De Dow Jones Index sloot 1,0 procent lager op 16.447,00 punten. De breder samengestelde S&P 500 leverde 0,9 procent in op 1.870,86 punten, waar techbeurs Nasdaq 0,8 procent lager afvlagde op 4.069,29 punten.
Wall Street kreeg aanvankelijk positieve macrocijfers te verwerken. De wekelijkse steunaanvragen lieten een daling zien tot het laagste aantal aanvragen sinds mei 2007, waar de Empire State Index, een indicator voor de economische bedrijvigheid in de regio van New York, in mei fors steeg tot 19,0 punten, na een stand van 1,3 in april.
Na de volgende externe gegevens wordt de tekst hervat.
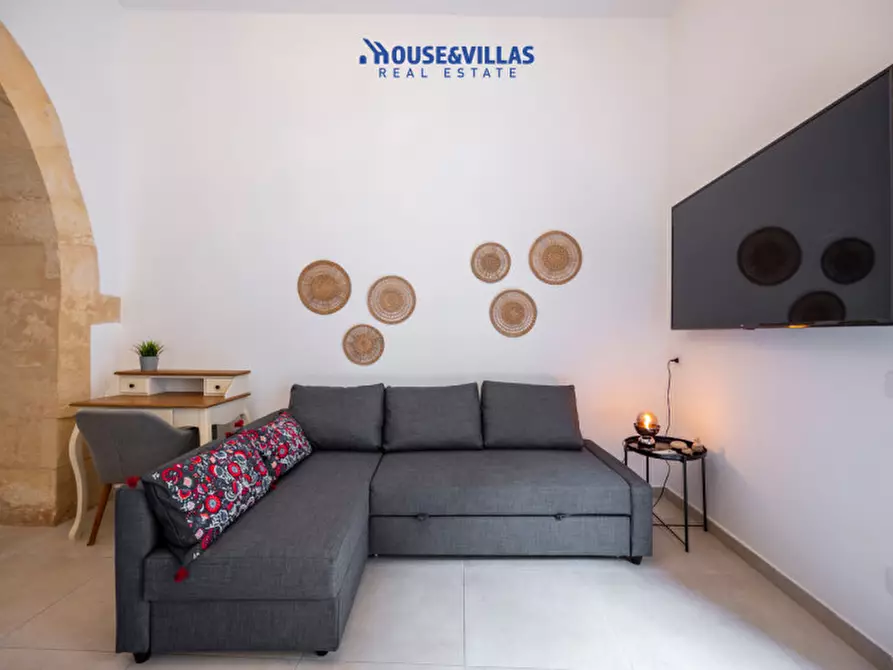 Immagine 4 di Appartamento in vendita  in via cavour a Noto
Consumentenprijzen bleken daarentegen in april op jaarbasis met twee procent te zijn gestegen, na een stijging van 1,5 procent in maart. “Dit niveau [van de inflatie] legt het vraagstuk over een renteverhoging weer op tafel”, aldus handelaar Serge Enneman van ABN AMRO. Een renteverhoging staat haaks op het ruime monetaire beleid van de Federal Reserve, dat algemeen wordt beschouwd als een aanjager van de aandelenmarkten.
Ook het cijfer over de Amerikaanse industriële productie bleek een tegenvaller. De productie van de maakindustrie, mijnbouw en nutsbedrijven nam in april op maandbasis af met 0,6 procent na een herziene groei van 0,9 procent in maart. De bezettingsgraad van de industrie daalde bovendien van een herziene 79,3 procent in maart, naar 78,6 procent in april.
Tot slot bleek ook de bedrijvigheid in de industrie in de regio rond Philadelphia in mei te zijn gedaald. De Philly Fed index daalde van 16,6 in april, de hoogste stand sinds september, naar 15,4.